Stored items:
——————

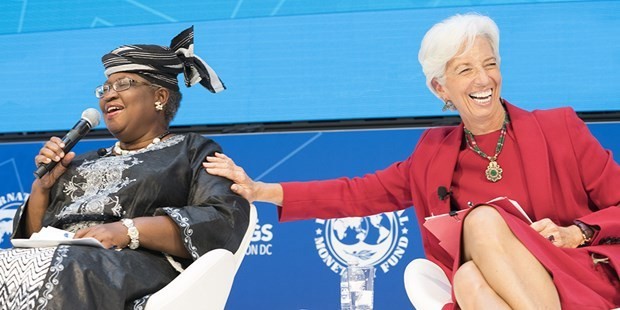世贸组织总干事恩戈齐·奥孔乔-伊维拉和欧洲央行（ECB）行长克里斯蒂娜·拉加德。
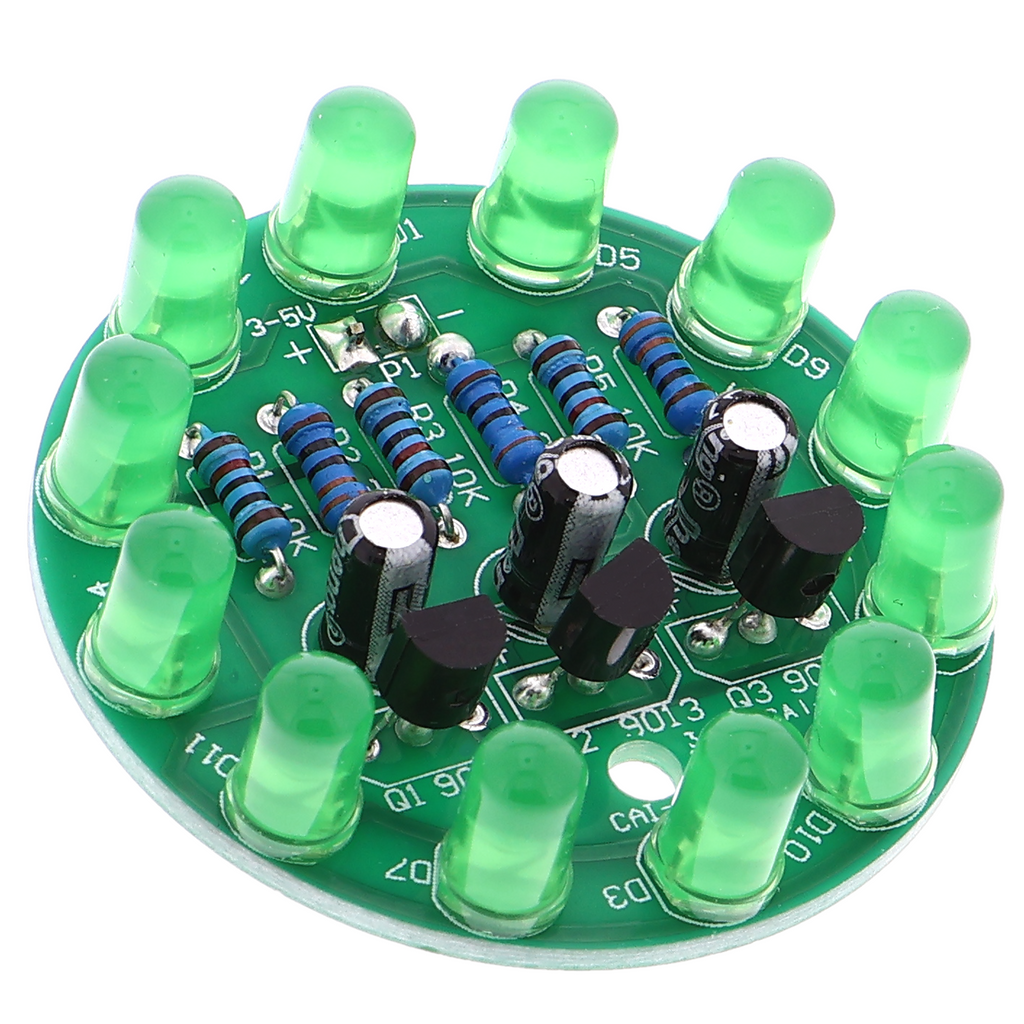 LED chaser soldering exercise - kit, various colors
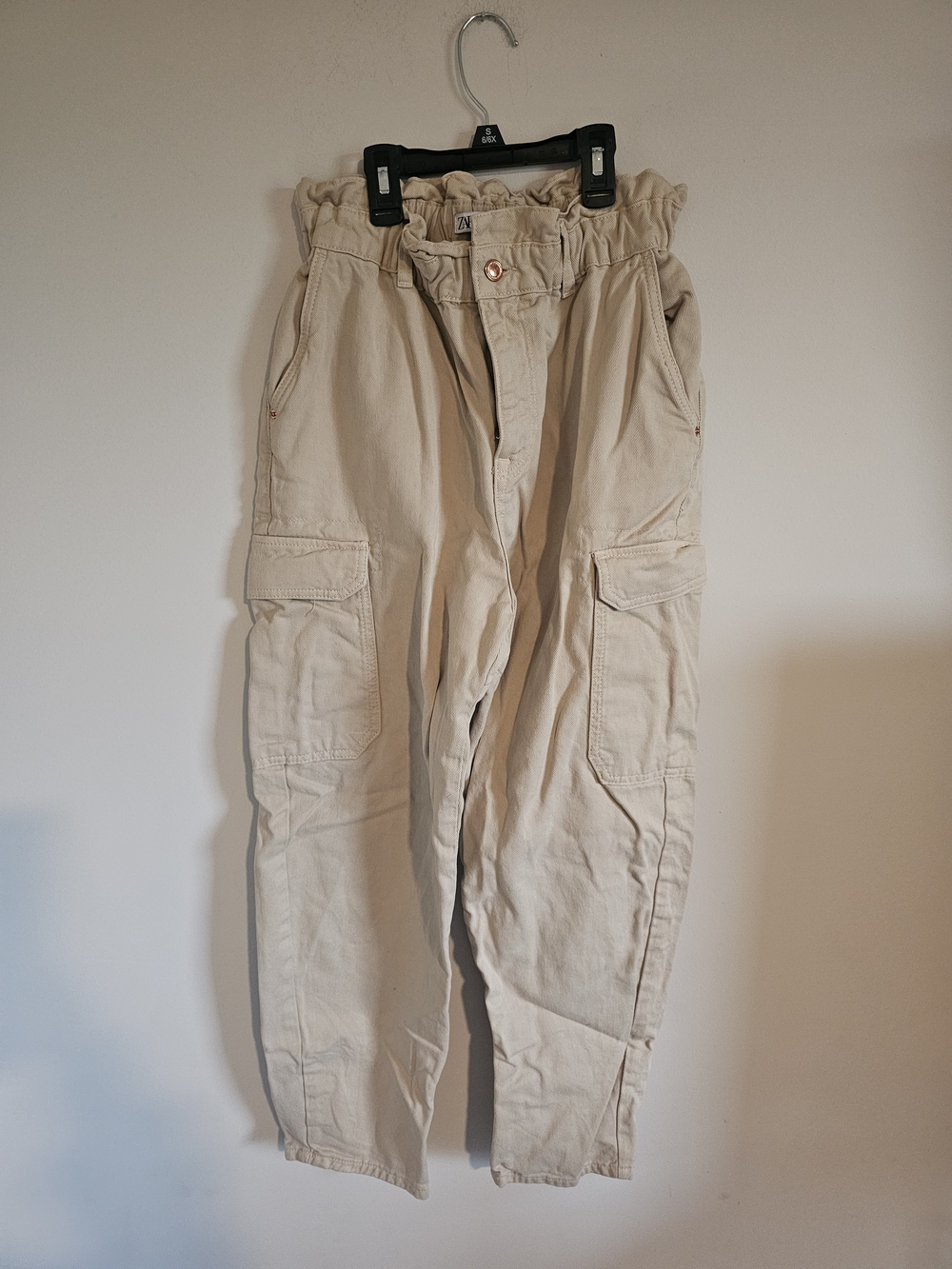 Zara Cream Paperbag-Waist Cargo Pants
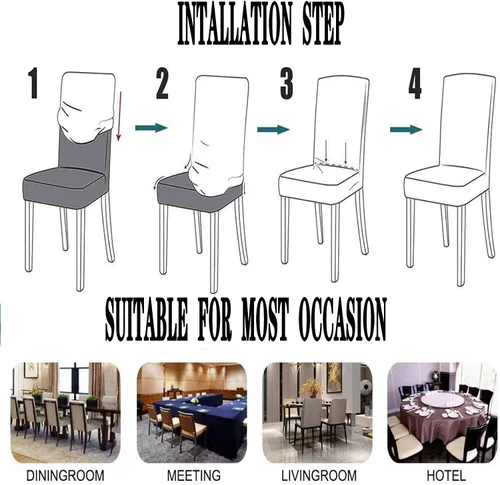 Vista 5 de Juego de 6 fundas elásticas de terciopelo suave para sillas de comedor, decoración elegante para el hogar y banquete, protector de silla Parson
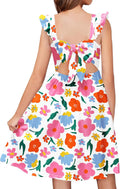Girls Summer Square Neck Ruffle Sleeve Tie Back Midi Dress Casual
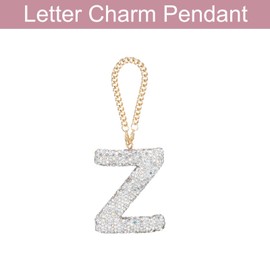 MECCANIXITY Bling Car Letter Charm, Initial Z Letter Interior Car Rear View Mirror Decoration Hanging Crystal Ornaments for Women Bags Water Cup DIY Craft, Silver
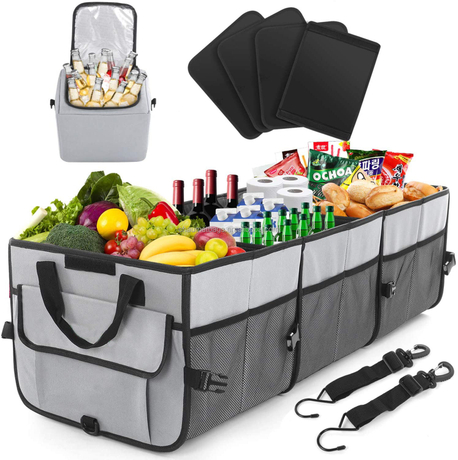 Amazon Hot Deals Multifunctional Portable سعة كبيرة تخزين منظم صندوق السيارة قابل للطي مع حقيبة تبريد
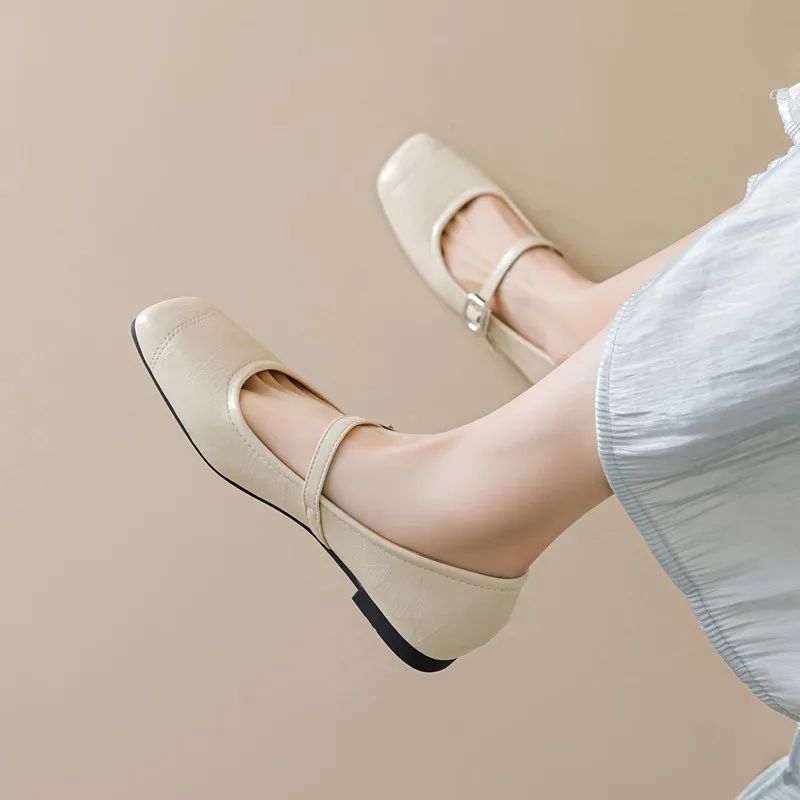 DIMANYU Mary Jane Shoes Women's 2025 New Square Toe Flat Women's Large Size Summer Ballet Shoes Women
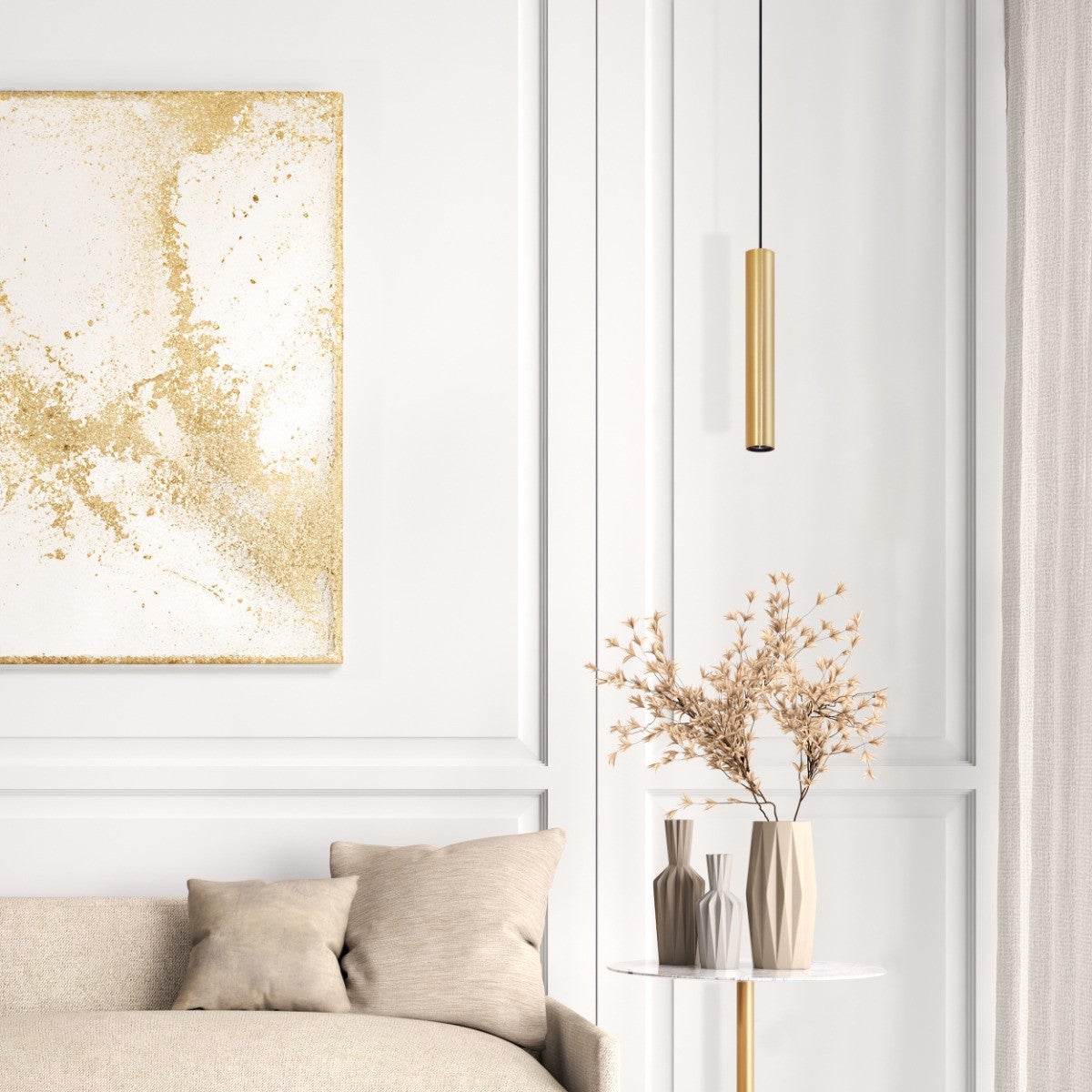 Lampa wisząca Lungomare złoty galwanizowano-satynowa czerń 1xGU10x10W tuba wym: 110 x 10 x 10 cm aluminium Polux - 2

——————

▶ **What you will do**
Retype all of the data above word for word, excluding the pictures.

▶ **Solution**
世贸组织总干事恩戈齐·奥孔乔-伊维拉和欧洲央行（ECB）行长克里斯蒂娜·拉加德。
 LED chaser soldering exercise - kit, various colors
 Zara Cream Paperbag-Waist Cargo Pants
 Vista 5 de Juego de 6 fundas elásticas de terciopelo suave para sillas de comedor, decoración elegante para el hogar y banquete, protector de silla Parson
Girls Summer Square Neck Ruffle Sleeve Tie Back Midi Dress Casual
 MECCANIXITY Bling Car Letter Charm, Initial Z Letter Interior Car Rear View Mirror Decoration Hanging Crystal Ornaments for Women Bags Water Cup DIY Craft, Silver
 Amazon Hot Deals Multifunctional Portable سعة كبيرة تخزين منظم صندوق السيارة قابل للطي مع حقيبة تبريد
 DIMANYU Mary Jane Shoes Women's 2025 New Square Toe Flat Women's Large Size Summer Ballet Shoes Women
 Lampa wisząca Lungomare złoty galwanizowano-satynowa czerń 1xGU10x10W tuba wym: 110 x 10 x 10 cm aluminium Polux - 2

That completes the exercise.